Figure 6. Percentage of immunoreactive immune cells for ECS components in the lamina propria.

Untreated acute UC at disease onset is associated with high number of FAAH+ and MAGL+ immune cells that was significantly diminished after treatment only in FAAH immunoreactivity. Histograms represent the mean±SEM. U Mann Witney and Wilcoxon tests: ***P<0.001 versus control group; ###P<0.001 versus acute group. N = 22, 24 and 24 for control, acute and quiescent groups respectively.

Figure 7. Quantification of epithelial ECS immunoreactivity depending on the UC severity score.

Main changes were observed mainly in mild and moderate acute UC. Histograms represent the mean±SEM. U Mann Witney and Wilcoxon tests: *P<0.05, **P<0.01 and ***P<0.001 versus control group; #P<0.05 versus acute group. N = 6, 13 and 5 for mild, moderate and severe groups respectively.

Figure 8. Quantification of epithelial ECS immunoreactivity depending on the treatment received.

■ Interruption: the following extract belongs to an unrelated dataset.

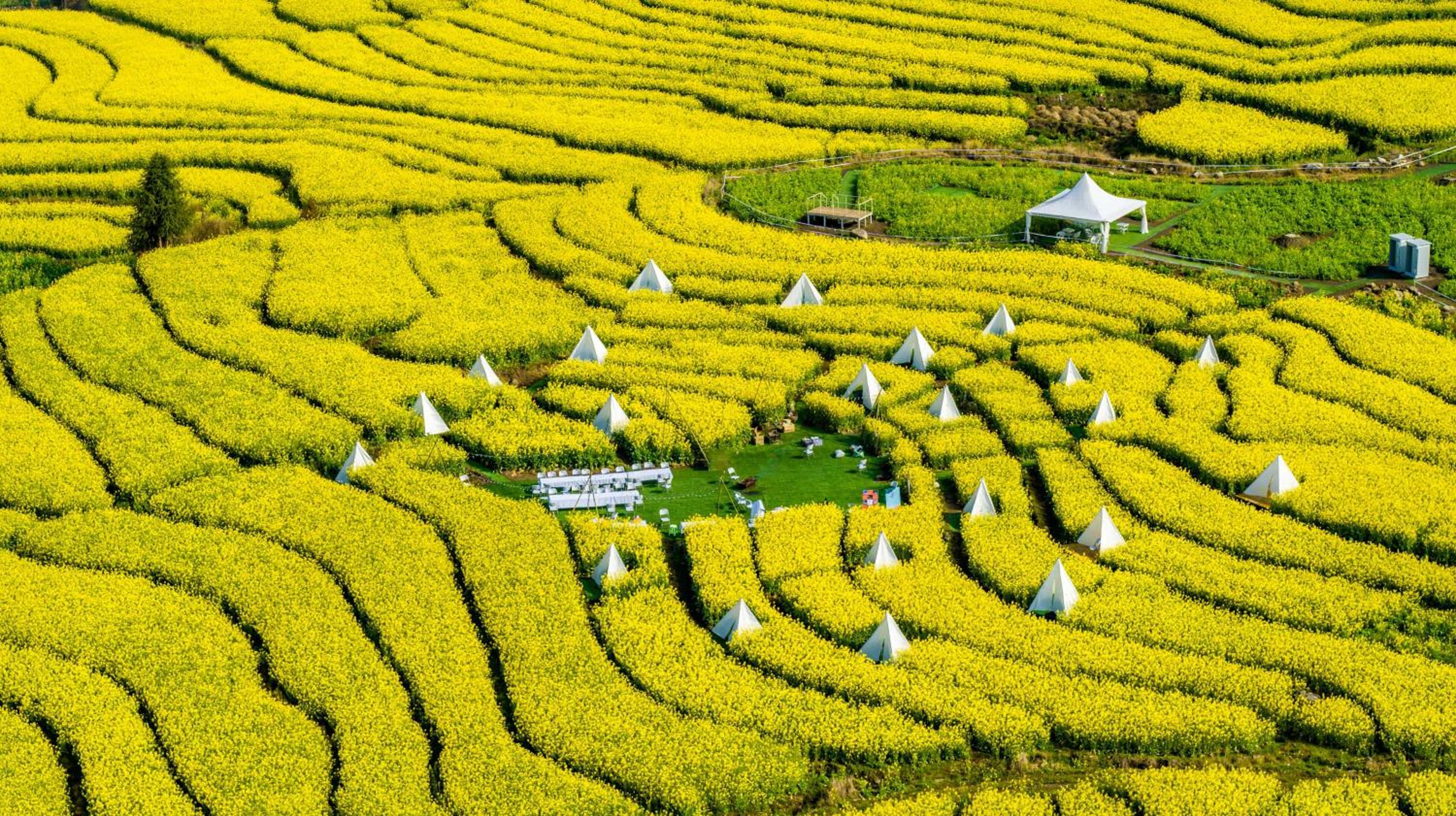 Banyan Tree Tengchong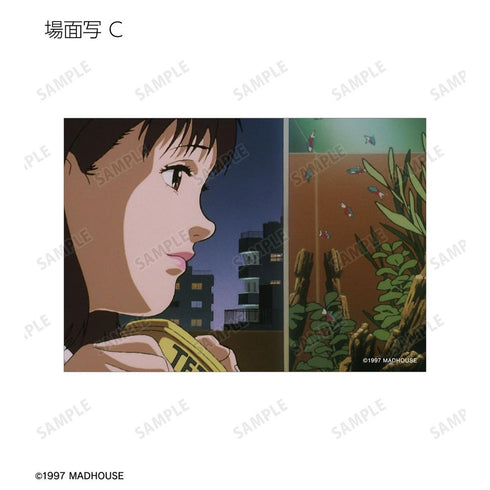 《PERFECT BLUE》交易版剧照写真卡(单位/盒)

As a relevant finding, treatment is associated with changes in the expression of cannabinoid receptors and EC-production and -degradation enzymes, suggesting that these proteins can be considered as biomarkers of active disease/response to treatment. Histograms represent the mean±SEM. U Mann Witney and Wilcoxon tests: *P<0.05 and **P<0.01 versus control group; #P<0.05 versus acute group. N = 3, 15 and 6 for 5-ASA, 5-ASA+corticosteroids and 5-ASA+corticosteroids+immunomodulators respectively.